The three nations whose officials met Friday morning “emphasized the necessity of terminating all unlawful unilateral sanctions,” China’s Vice Foreign Minister Ma Zhaoxu read from a joint statement, flanked by Russia’s Deputy Foreign Minister Ryabkov Sergey Alexeevich and Iran’s Deputy Foreign Minister Kazem Gharibabadi.

“The three countries reiterated that political and diplomatic engagement and dialogue based on the principle of mutual respect remains the only viable and practical option in this regard,” Ma read.

Chinese Foreign Minister Wang Yi was due to meet with the representatives later in the day.

US President Donald Trump (left) speaks in the Oval Office of the White House on March 6, 2025 in Washington, DC. (Alex Wong/Getty Images/AFP); Iran’s supreme leader Ali Khamenei attends a meeting with a group of defense officials, in Tehran, February 12, 2025. (Office of the Iranian Supreme Leader via AP)

Khamenei has mocked Trump, saying he isn’t interested in talks with a “bullying government,” although Iranian officials have offered conflicting signals over the possibility of negotiations. Trump sent a letter to Khamenei in 2019 with no apparent effect on rising tensions.

China and Russia are both permanent members of the UN Security Council, and they took part, along with fellow UNSC members France and Britain, in the original 2015 Iran nuclear deal preliminary framework agreement alongside Germany and the European Union. Trump withdrew the United States from the accord in 2018.

China and Russia have particularly close relations with Iran through energy deals, and Iran has provided Russia with bomb-carrying drones in its war against Ukraine.

They are also seen as sharing a joint interest in diminishing the role of the US and other liberal democracies in determining world events in favor of their own highly authoritarian systems.

Iran insists its nuclear program is peaceful. However, its officials increasingly threaten to pursue a nuclear weapon and regularly threaten to flatten Israeli cities. Iran now enriches uranium to near weapons-grade levels of 60 percent, the only country in the world without a nuclear weapons program to do so. The UN nuclear agency and Western analysts say only countries seeking an atomic bomb enrich uranium to that level.
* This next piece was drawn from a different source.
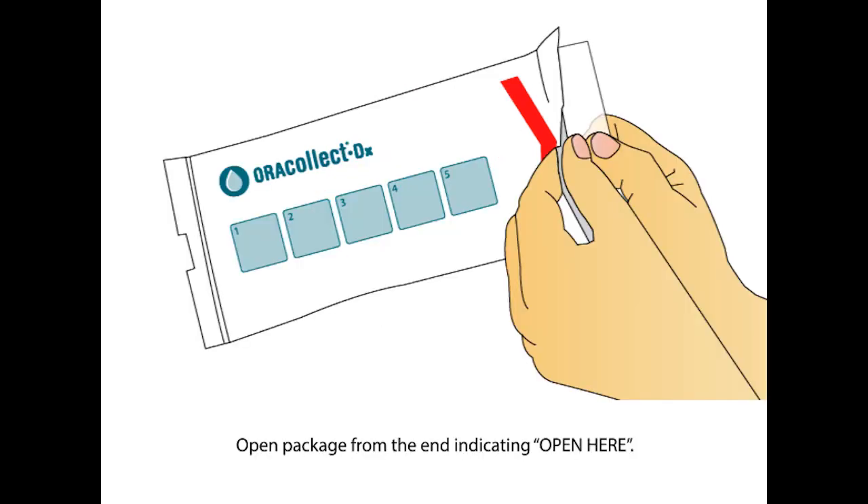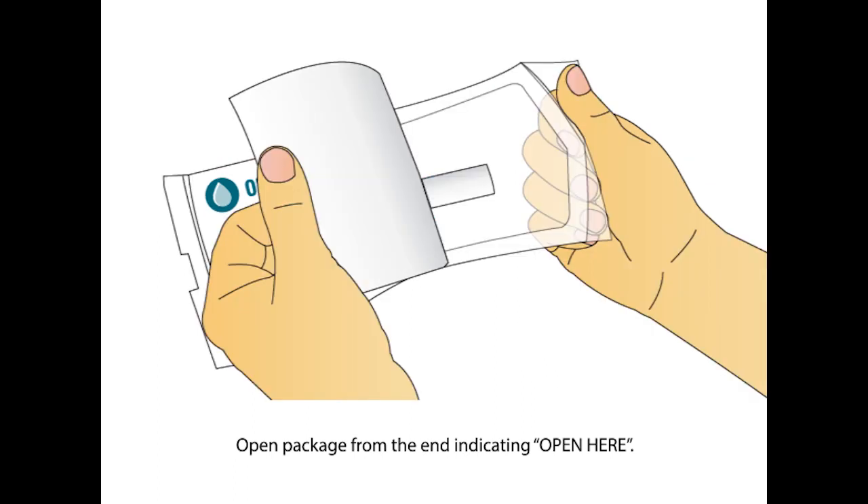Open the package from the end with the open here arrow. Remove the collector by its handle from the packaging.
This photo released November 5, 2019, by the Atomic Energy Organization of Iran shows centrifuge machines in Natanz uranium enrichment facility near Natanz, Iran. (Atomic Energy Organization of Iran via AP, File)

Under the original 2015 nuclear deal, Iran was allowed to enrich uranium only up to 3.67% purity and to maintain a uranium stockpile of 300 kilograms (661 pounds). The last report by the International Atomic Energy Agency on Iran’s program put its stockpile at 8,294.4 kilograms (18,286 pounds) as it enriches a fraction of it to 60% purity.

While Iran has maintained it won’t negotiate under duress, its economy has been savaged by the US sanctions. Protests over women’s rights, the economy and Iran’s theocracy in recent years have shaken its government.

China has sought to become more involved in Middle Eastern affairs, and a year ago hosted talks leading to the full restoration of diplomatic ties between Saudi Arabia and Iran.